## [PROBLEM]
Your answer must consist solely of the lines from the one containing "1909 Eastfield Rd, Baltimore" through the last line of the records below, reproduced exactly, with all pictures omitted.

## [Saved data entries]
^^^^^^^^
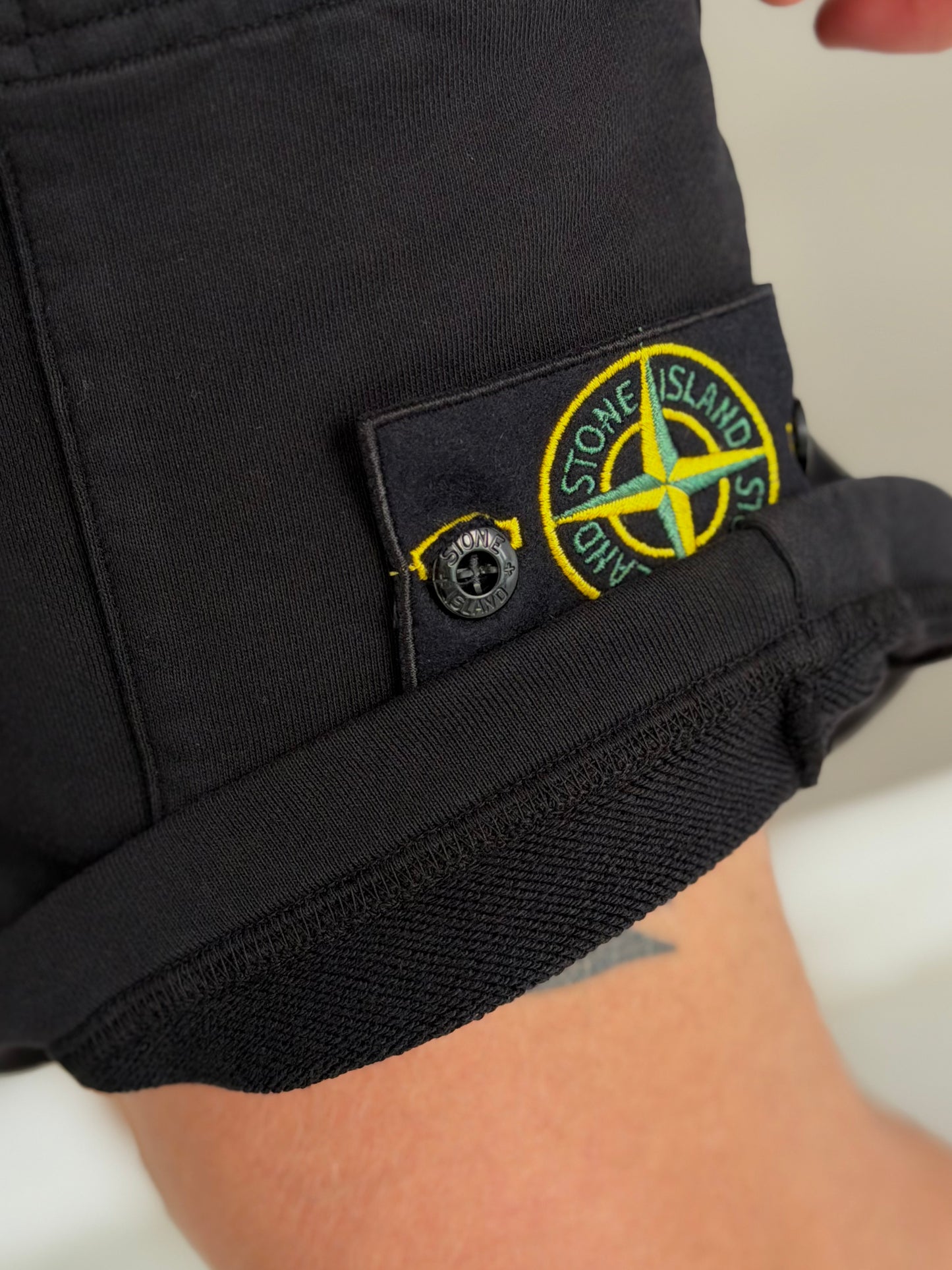 Шорти чоловічі Stone Island Organic Cotton in Black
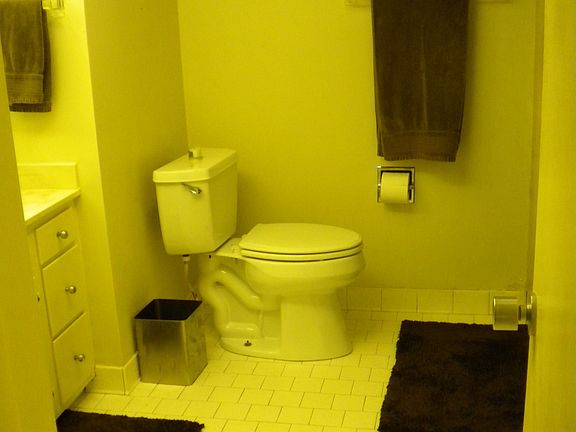 3rd image of 2956 Hathaway Rd #U306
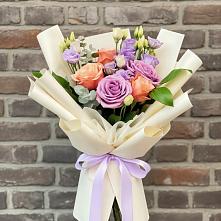 Букет цветов из:  Лизиантусы и Розы #REPLACE_PRED# Косихе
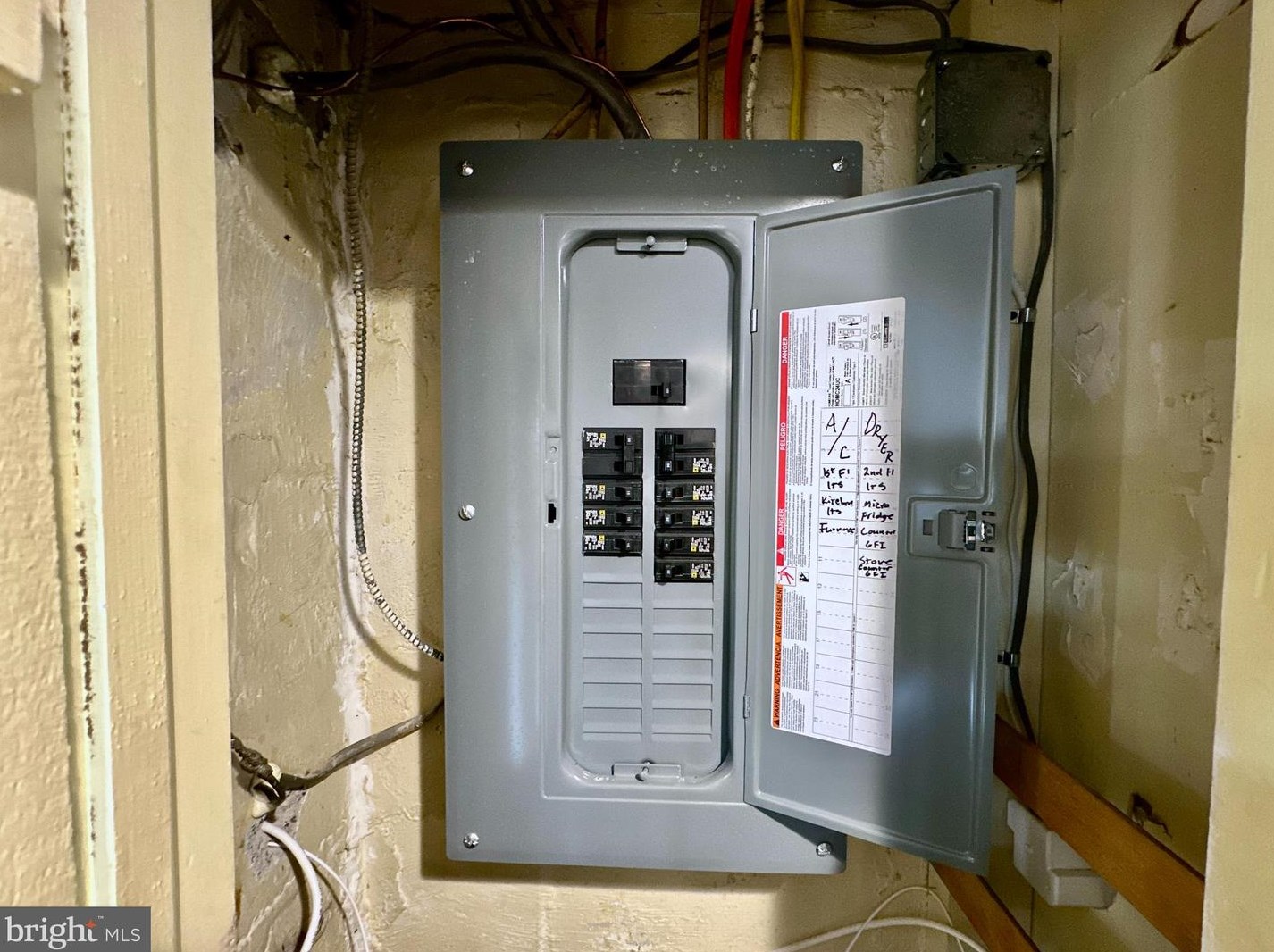 1909 Eastfield Rd, Baltimore MD  21222-3153 exterior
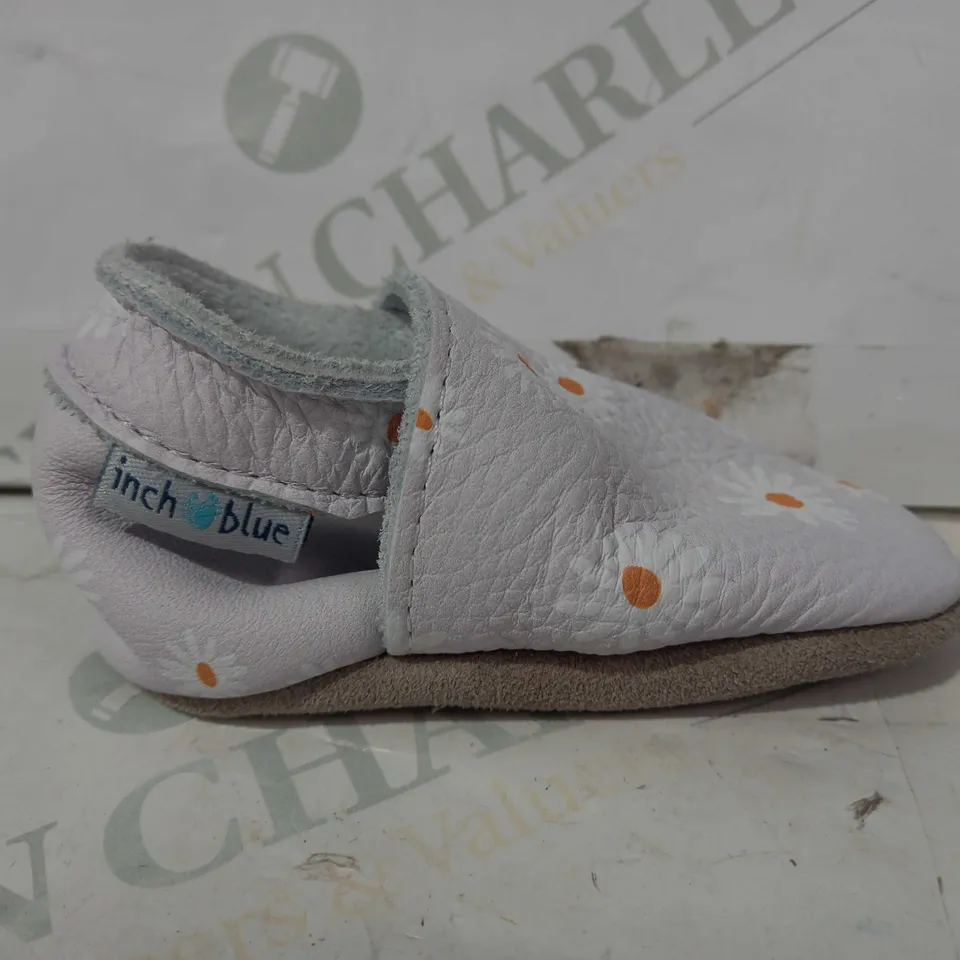 BOXED PAIR OF INCH BLUE HANDMADE SOFT LEATHER BABY SHOES IN WHITE W. DAISY PATTERN SIZE 6-12 MONTHS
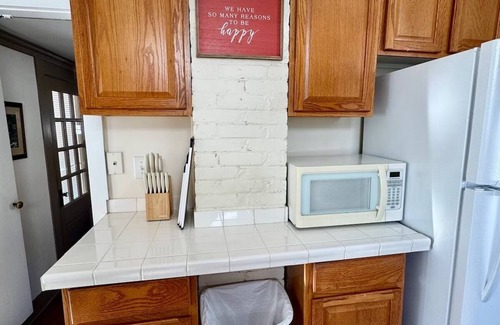 Hot Springs Cottage | Charming 3-bedroom cottage with WiFi and AC in Hot Springs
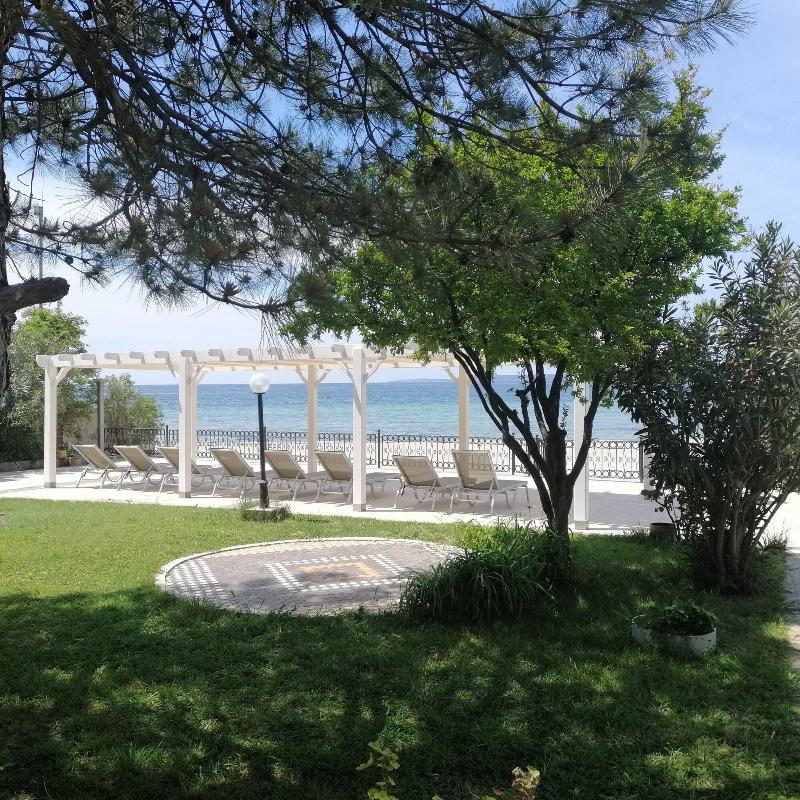 Iris Otel - Genel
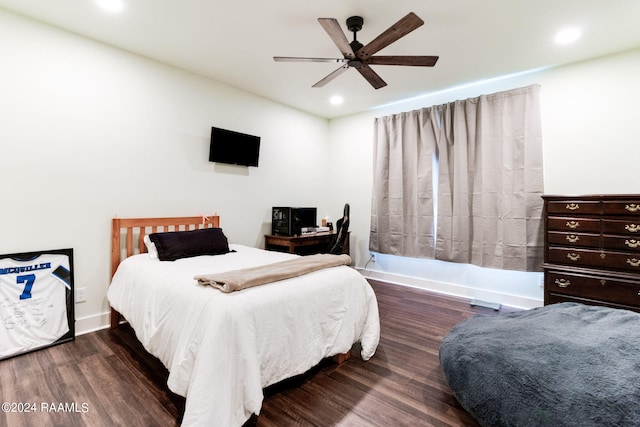 bedroom featuring a ceiling fan, recessed lighting, wood finished floors, and baseboards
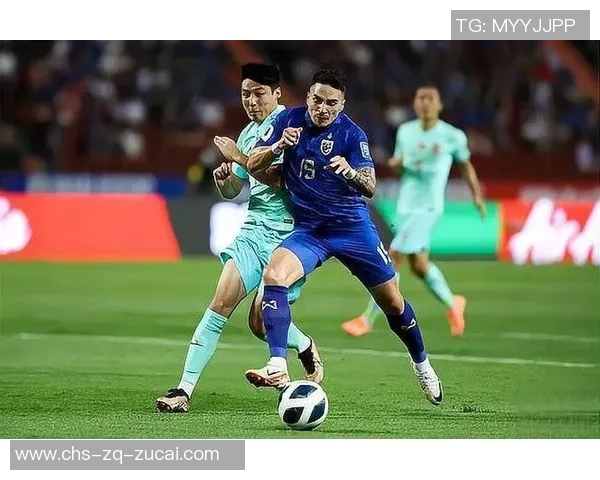 中国足球队迎战卡塔尔力争胜利全力以赴展现团队精神与拼搏意志 中国足球队迎战卡塔尔力争胜利全力以赴展现团队精神与拼搏意志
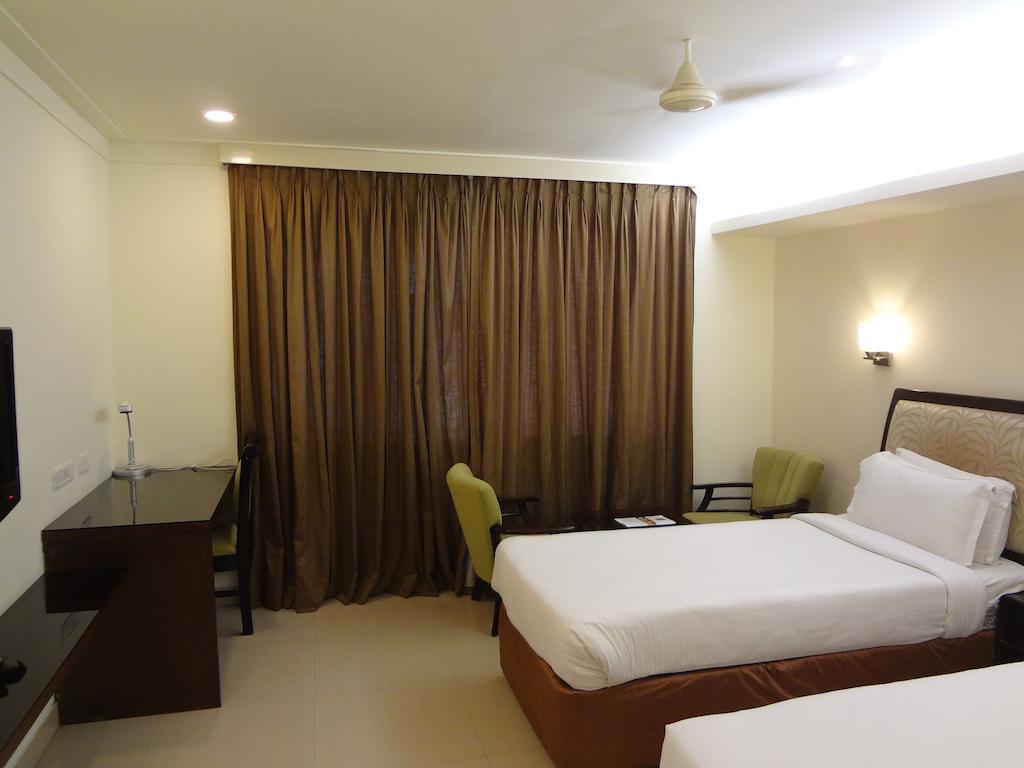 Hotel Budhil Park Visakhapatnam Exterior photo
^^^^^^^^
## [ANSWER TO THIS EXERCISE]
 1909 Eastfield Rd, Baltimore MD  21222-3153 exterior
 BOXED PAIR OF INCH BLUE HANDMADE SOFT LEATHER BABY SHOES IN WHITE W. DAISY PATTERN SIZE 6-12 MONTHS
 Hot Springs Cottage | Charming 3-bedroom cottage with WiFi and AC in Hot Springs
 Iris Otel - Genel
 bedroom featuring a ceiling fan, recessed lighting, wood finished floors, and baseboards
 中国足球队迎战卡塔尔力争胜利全力以赴展现团队精神与拼搏意志 中国足球队迎战卡塔尔力争胜利全力以赴展现团队精神与拼搏意志
 Hotel Budhil Park Visakhapatnam Exterior photo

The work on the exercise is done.